### Directions
Can you transcribe every entry word for word, skipping the images?

### Supplied data

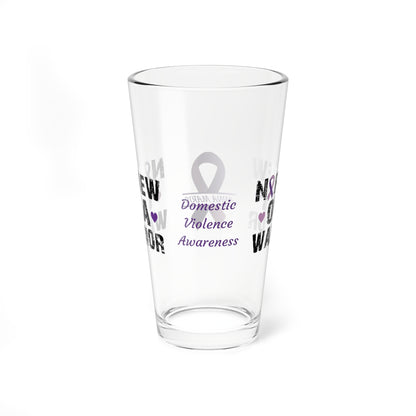 Nephew of a Warrior: Personalized Domestic Violence Awareness Warrior Pint Glass - Proud Family Member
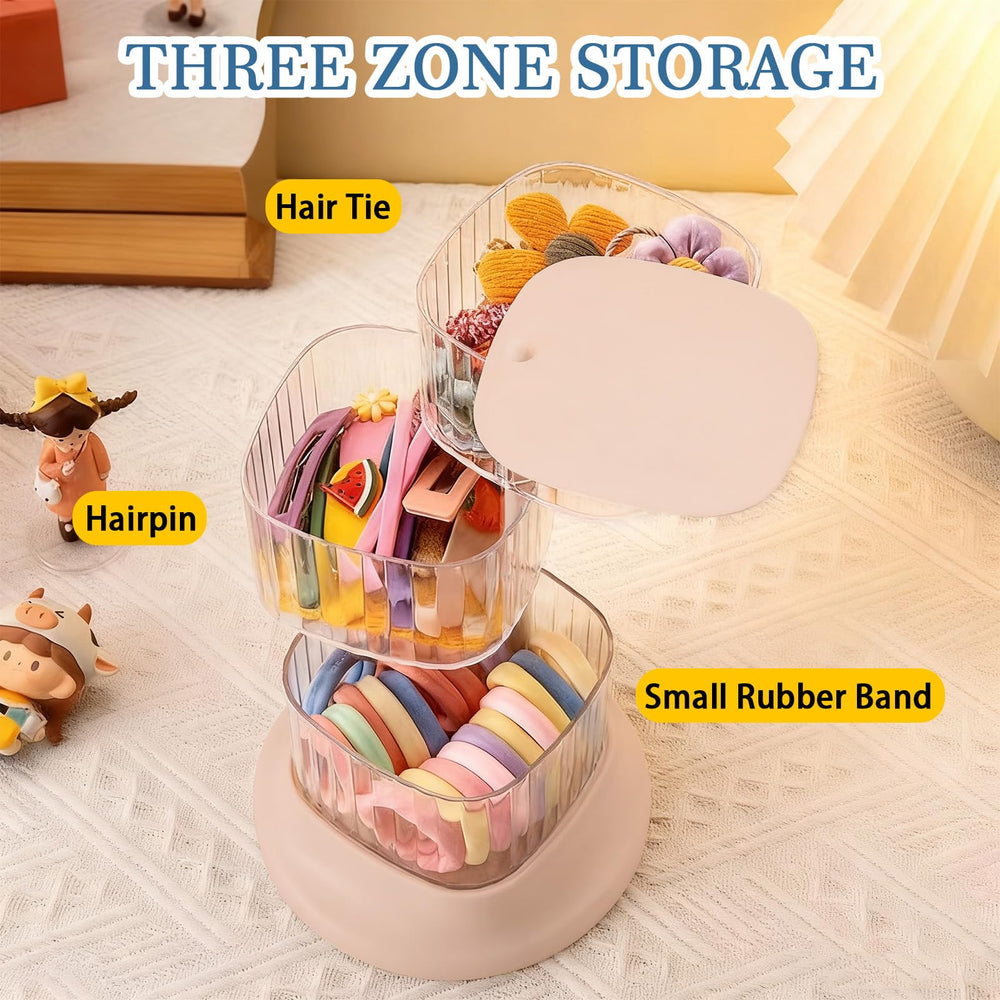 Clear compartments displaying hair ties and clips for quick access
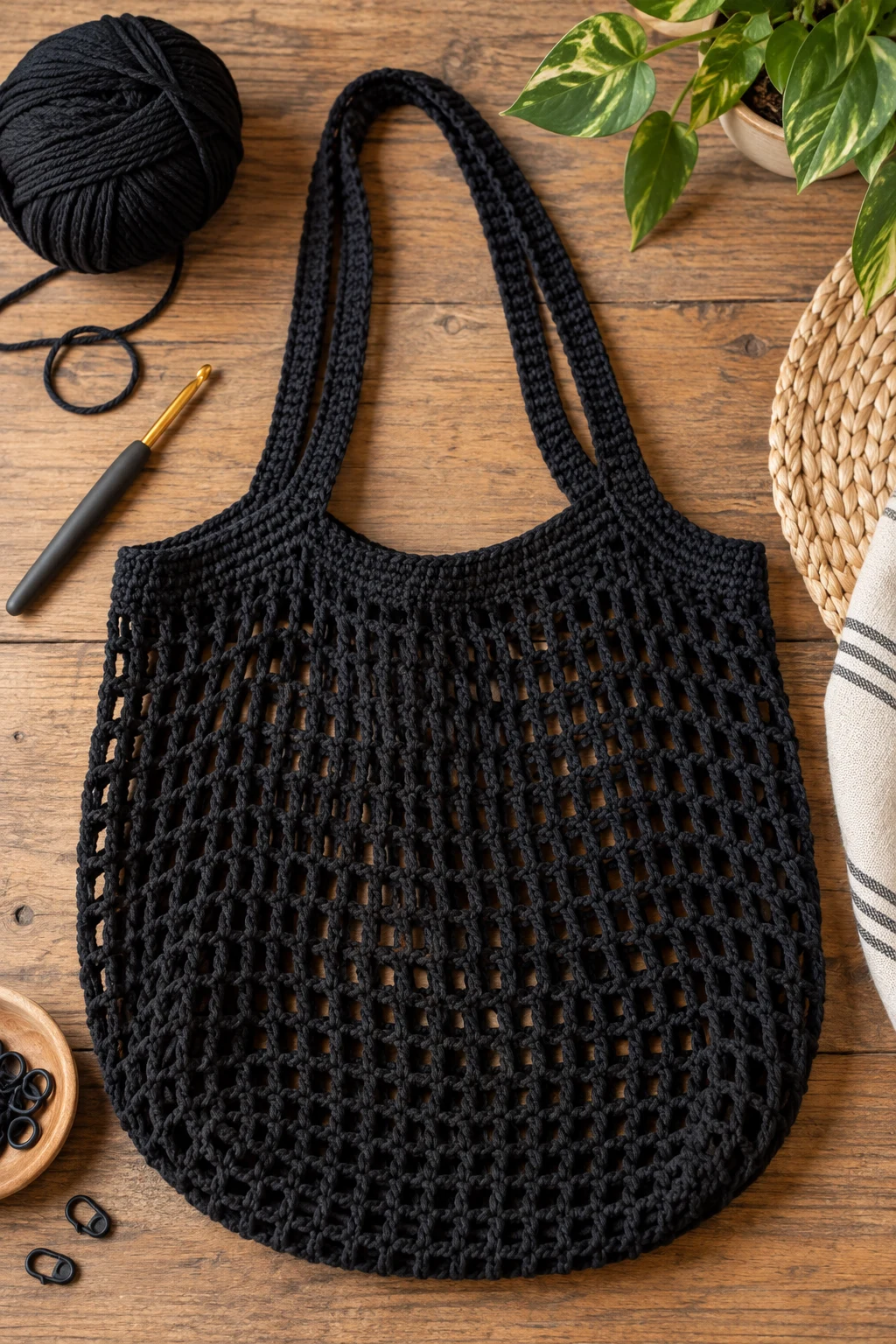 Minimalist Mesh Market Tote — black crochet bag style outfit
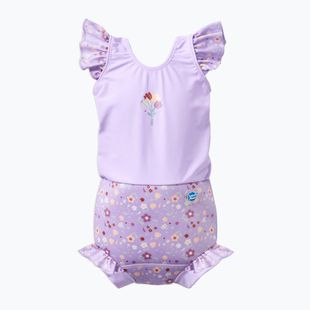 Children's one-piece swimsuit with nappy Splash About Happy Nappy Frills strawberry field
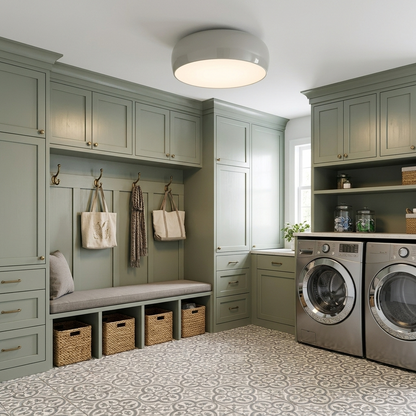 Corvina dome ceiling light in Grey in a suburban mudroom and laundry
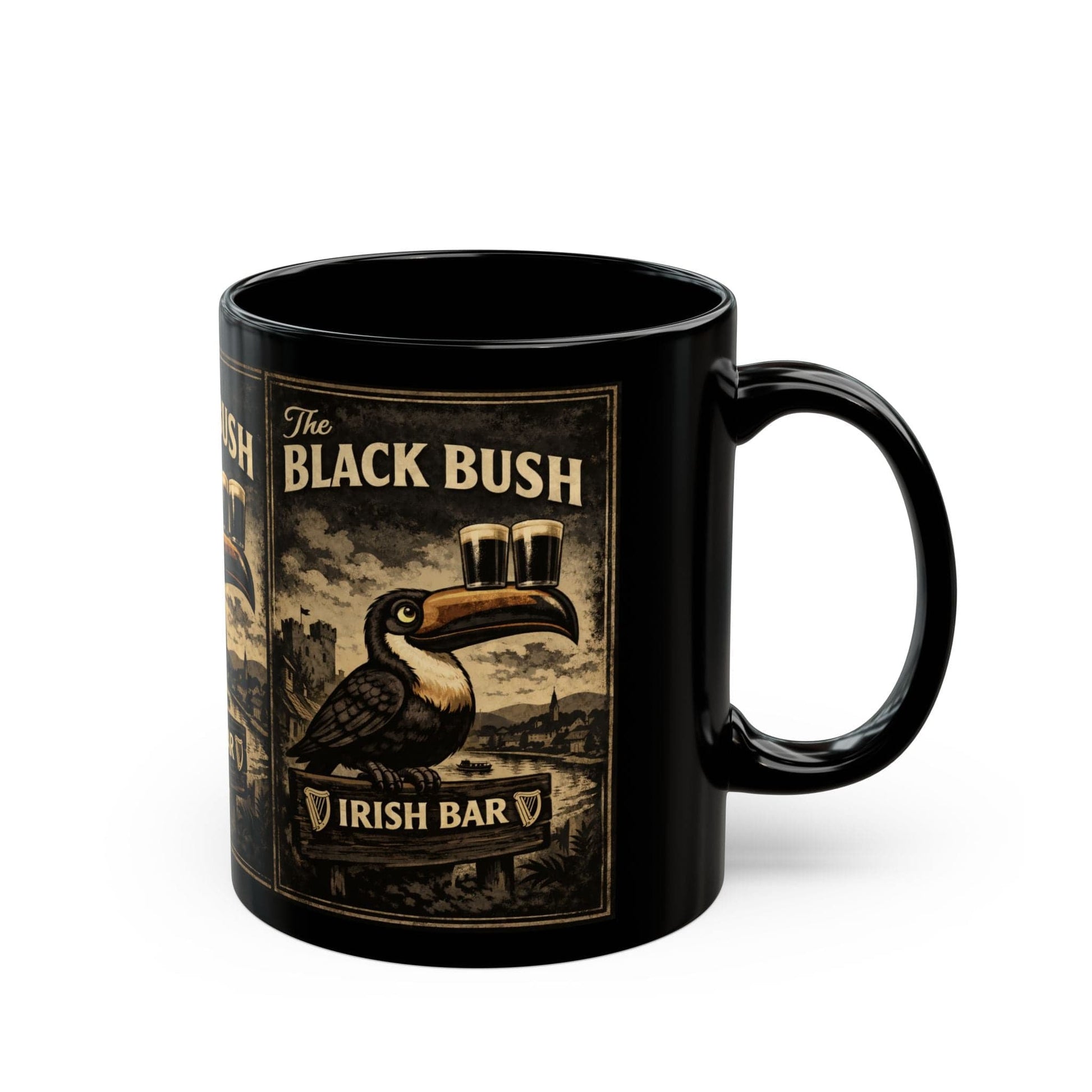 TeeFEVA Mug Irish Bar Mug — "The Black Bush" Vintage Pub Coffee Cup (11oz/15oz)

### Task result
 Nephew of a Warrior: Personalized Domestic Violence Awareness Warrior Pint Glass - Proud Family Member
 Clear compartments displaying hair ties and clips for quick access
 Minimalist Mesh Market Tote — black crochet bag style outfit
 Children's one-piece swimsuit with nappy Splash About Happy Nappy Frills strawberry field
 Corvina dome ceiling light in Grey in a suburban mudroom and laundry
 TeeFEVA Mug Irish Bar Mug — "The Black Bush" Vintage Pub Coffee Cup (11oz/15oz)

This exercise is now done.